Problem to work on » When the line with "Used Land Rover" turns up below, begin repeating exactly, and carry on through the line with "Jack&Jones JJFOREST TEE SS CREW T-Shirt"; no pictures go into the copy.

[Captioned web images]
>>>>>

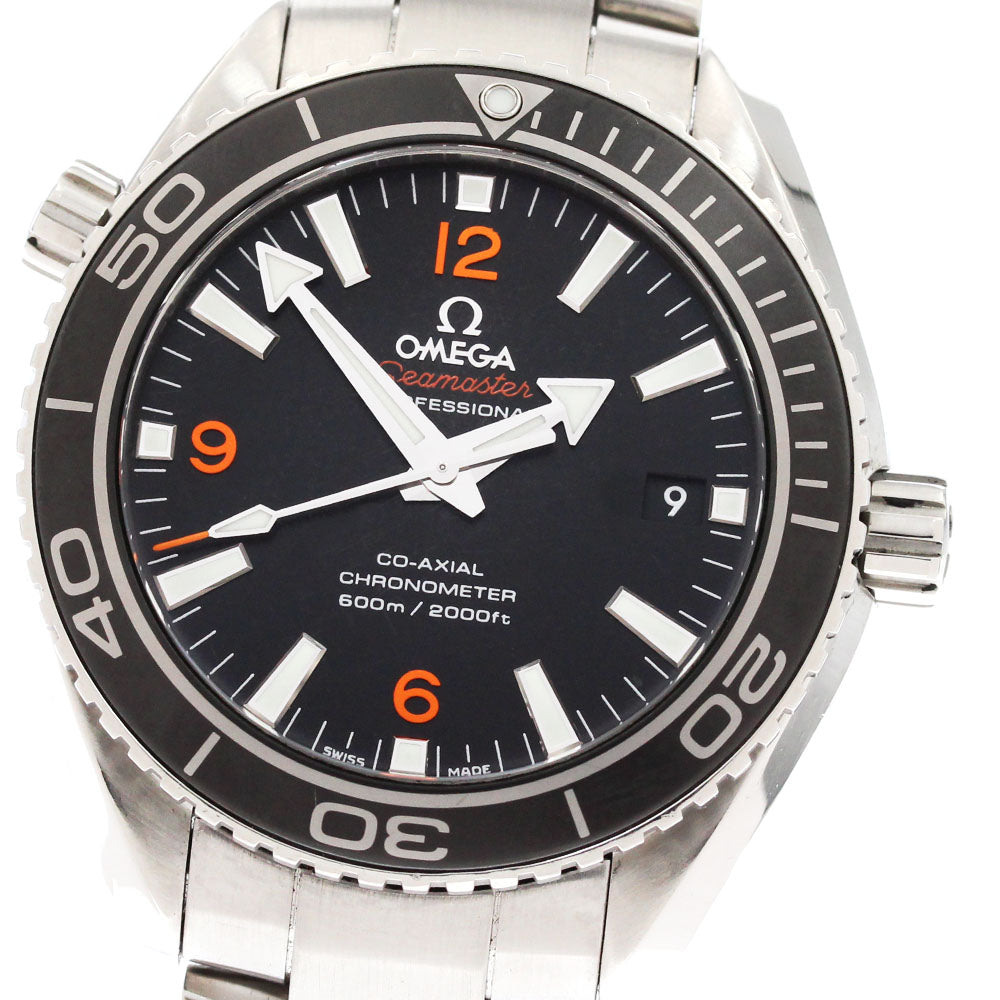 OMEGA Seamaster Planet Ocean 232.30.42.21.01.003 Date AT Men's Watch_862766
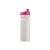Sportflasche Design 750ml wit / roze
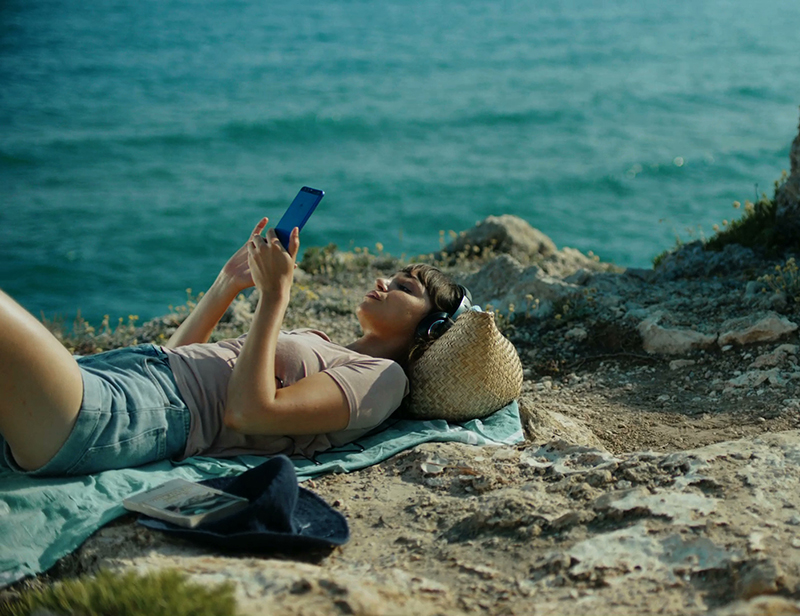 "Rapidito", de Sra. Rushmore para Vodafone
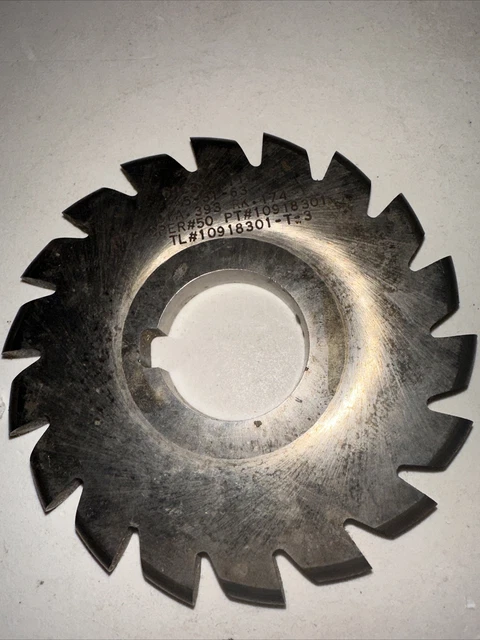 Milling cutting tool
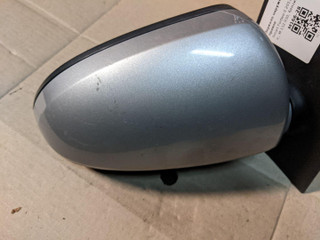 накладка на зеркало Smart Fortwo 2 поколение 2011, 1.0 л., M 132.930, бензин, АКПП, серебристый, купе, правый руль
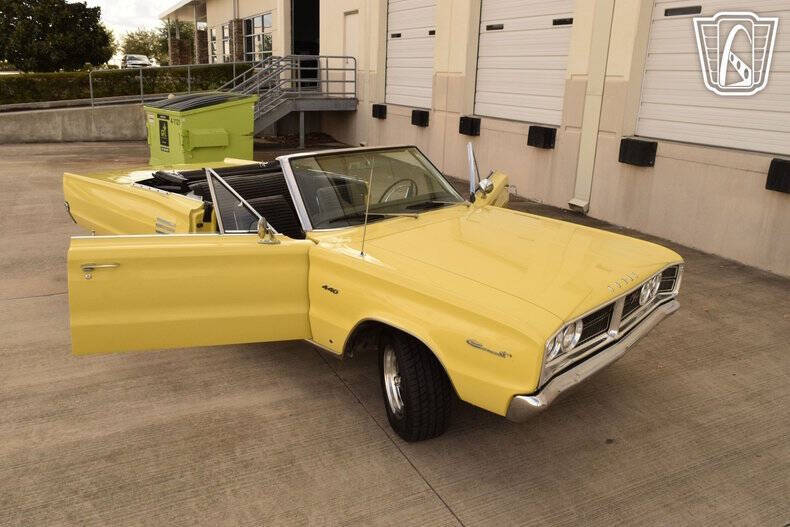 1966 Dodge Coronet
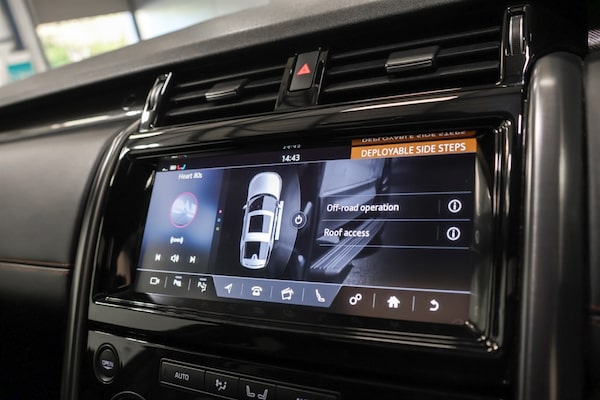 Used Land Rover Discovery 2019 for sale - 76184151: Photo 22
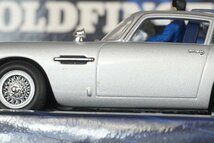 ミニチャンプス PMA 1/43 Aston Martin アストンマーチン DB5 ボンドコレクション 400137260_画像2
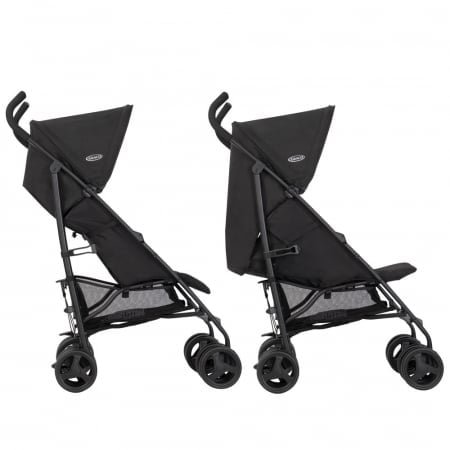 Carucior Graco EZLite midnight – imaginea 2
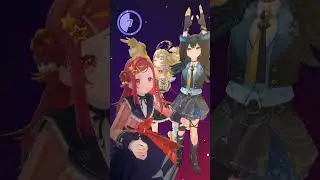 【アハ体験】画像がゆっくり変わるよ！初級編。#shorts #vtuber #3d 【ステララボ】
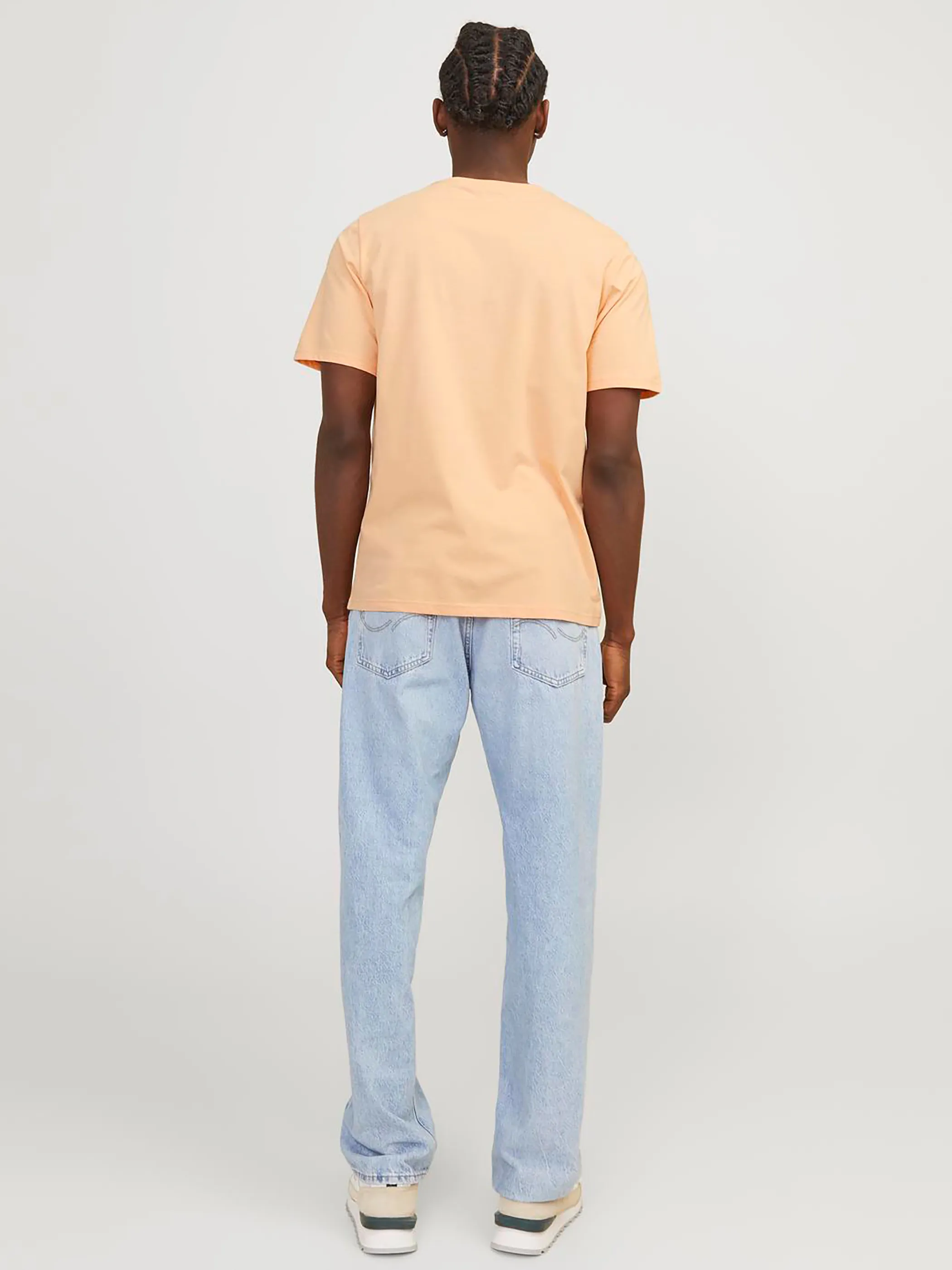 Jack&Jones JJFOREST TEE SS CREW T-Shirt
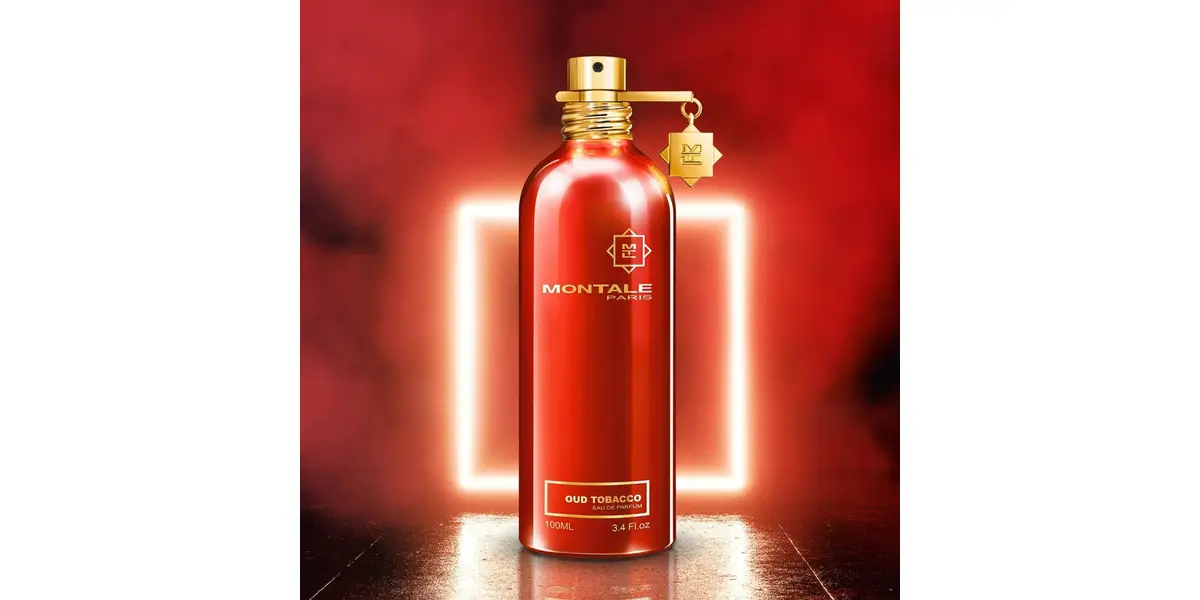 Oud Tobacco fragrance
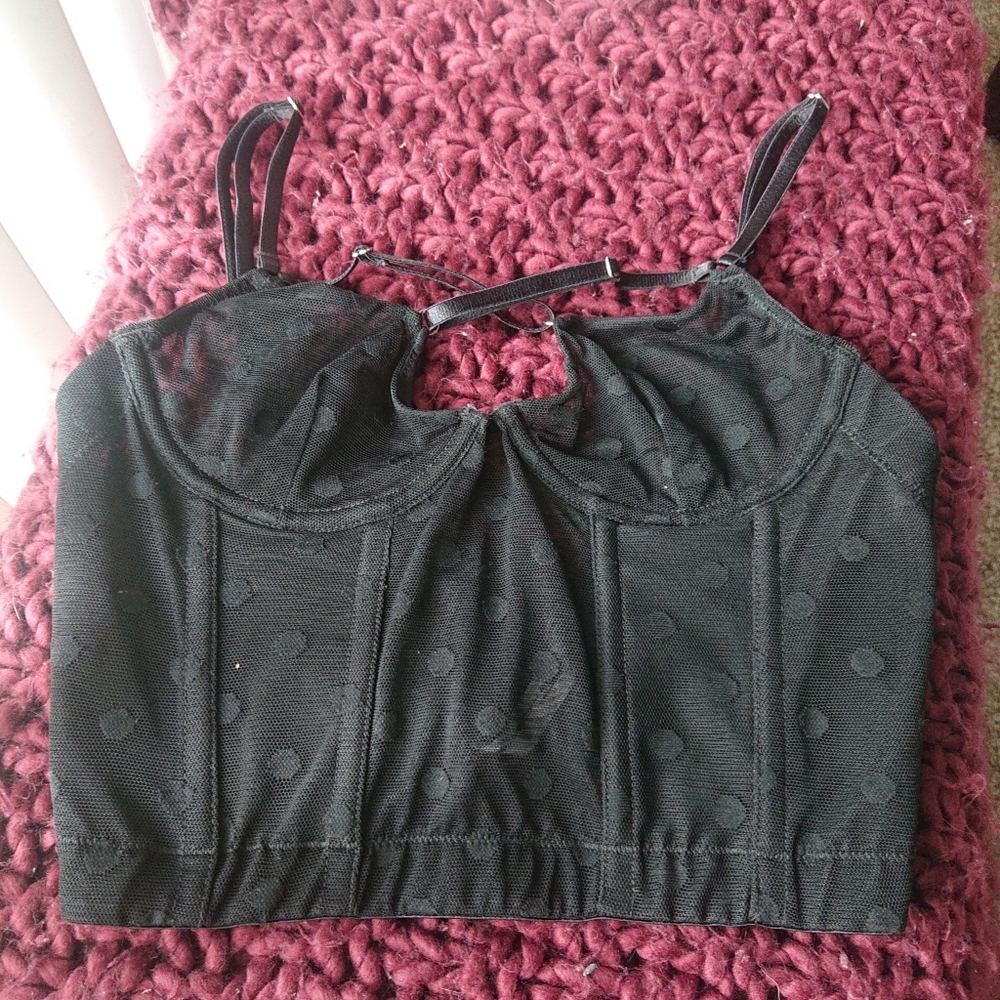 NastyGal Bustier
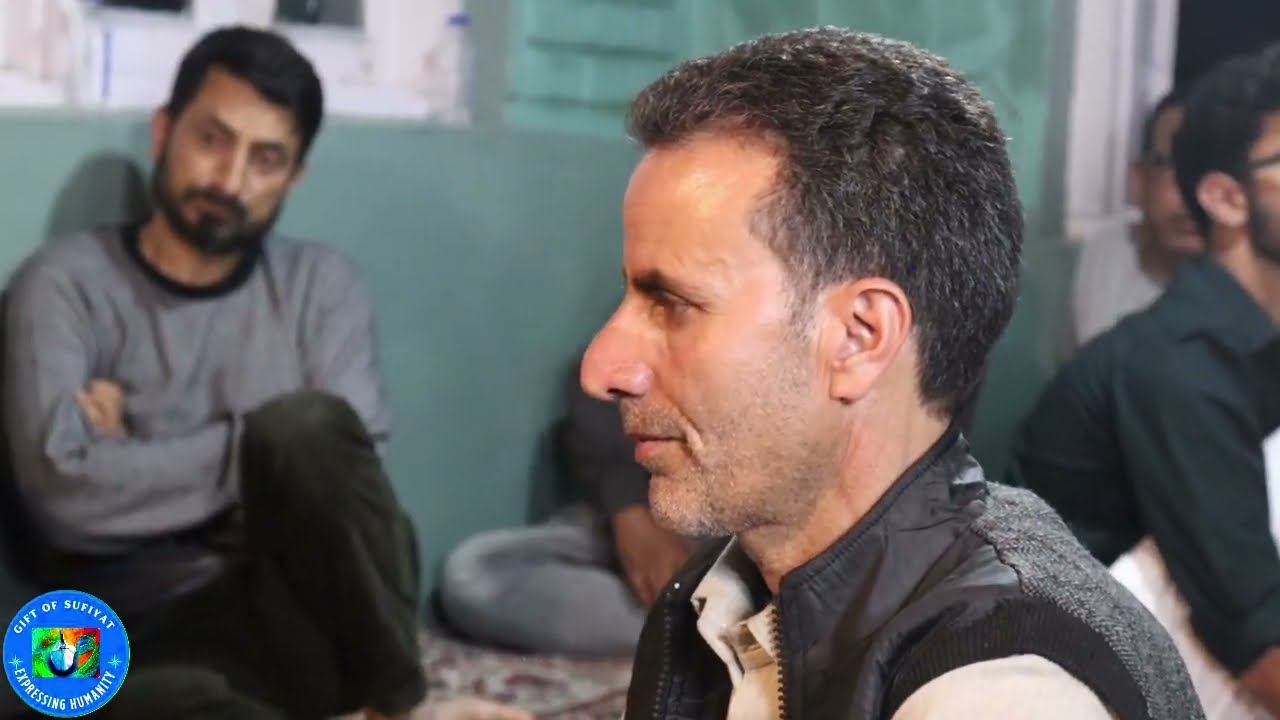 Калам и Шейх Махмуд РА | Зубар Дар Сингер | Дидан Че Дедар Ашакес | Кашмирская суфийская песня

<<<<<

Answer box »
 Used Land Rover Discovery 2019 for sale - 76184151: Photo 22
 ミニチャンプス PMA 1/43 Aston Martin アストンマーチン DB5 ボンドコレクション 400137260_画像2
 Carucior Graco EZLite midnight – imaginea 2
 【アハ体験】画像がゆっくり変わるよ！初級編。#shorts #vtuber #3d 【ステララボ】
 Jack&Jones JJFOREST TEE SS CREW T-Shirt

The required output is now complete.